Seems like we'd be going into the same direction as the US did when it banned people from holding gold from 1933 to 1975 under Executive Order 6102 (https://en.wikipedia.org/wiki/Executive_Order_6102).
Not a great look on the financial value and stability of a currency in my very humble, non-expert opinion.
In 1933 the major goal was to force ordinary citizens to trade their gold for cash, and then inflate the cash. That is why it became legal to hold gold again in 1975, the dollar value became disconnected from gold.
In modern Europe I don’t see the same rug-pull and a digital euro will continue to be just as valuable as a physical one. There are other valid concerns for going digital-only with currency.

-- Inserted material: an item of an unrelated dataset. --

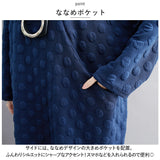 ロング ワンピース マキシ丈 長袖 通販 ロングワンピース ワンピ Ｖネック ロング丈 マキシム 厚手 体型カバー ゆったり 大きいサイズ 秋 冬 レディース 女性 暖かい あったか あたたかい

In my eyes, it also lowers the value and trust of said currency because it means that the system isn't able to fulfil IOUs.
On the one hand I feel stupid asking what I think are the obvious questions. On the other hand I don't feel stupid because there's no way a lot of people know the answer to these questions:
Is this "digital currency" actually just the Euro? If it is, aren't the Euros in bank's computer also digital? And why are these things given as understood by everyone when journalists write about the subject?
As it is today, things are much more decentralized, and each bank is responsible for keeping a record of its own books, and all the protocols that automate transfers still require the bank to be responsible for all that information. Sending money from one bank to another required both banks to have an agreement with each other and a protocol regarding how they would exchange money between them, or to go through one or multiple banks, until there is a path from the original bank to the receiving one. Obviously, this was already improved by having the ECB and enforcing cross-bank mechanisms, like IBAN, but when you fundamentally change the currency to be a cryptocurrency, all of this comes embedded in the currency itself.
There's obviously a downside, which is that everything, even the smallest of purchases, is now fully trackable on a much bigger scale. The fact that money is no longer just fungible money that you can exchange at any time, but programmable money, is also a problem. You could, for example, program some money to be usable in certain ways, have money that expires, etc. Currently, if you have 1€, you have 1€, and you know that you can spend that in any place that accepts euros, and that will remain so as long as people accept euros. But now, you could have 1€, but that 1€ can only be spent in certain places (let's say restaurants), or you could have 1€ that would expire in a year if you don't spend it. That fundamentally changes the relation with money and how people quantify money, and no one really knows what the repercussions would be.
Why did you feel the need to use terms like "cryptocurrencies", "digital currencies", "ledgers", and "API requests" to explain this?
Banks lobbying for their free money from deposits is one of the reasons financial start-ups fight an uphill battle. Even though their business is less risky (no loans) they have fewer rights.
Hundreds of millions of people are not getting their deserved interest on the savings because banks managed regulatory capture.
This is ECB giving normal people direct access to ECB money past banking.
That's one way of saying "This is normal people giving the ECB direct access to their finances past banking."
Let's not forget who is the wolf and who are the oxen in this business.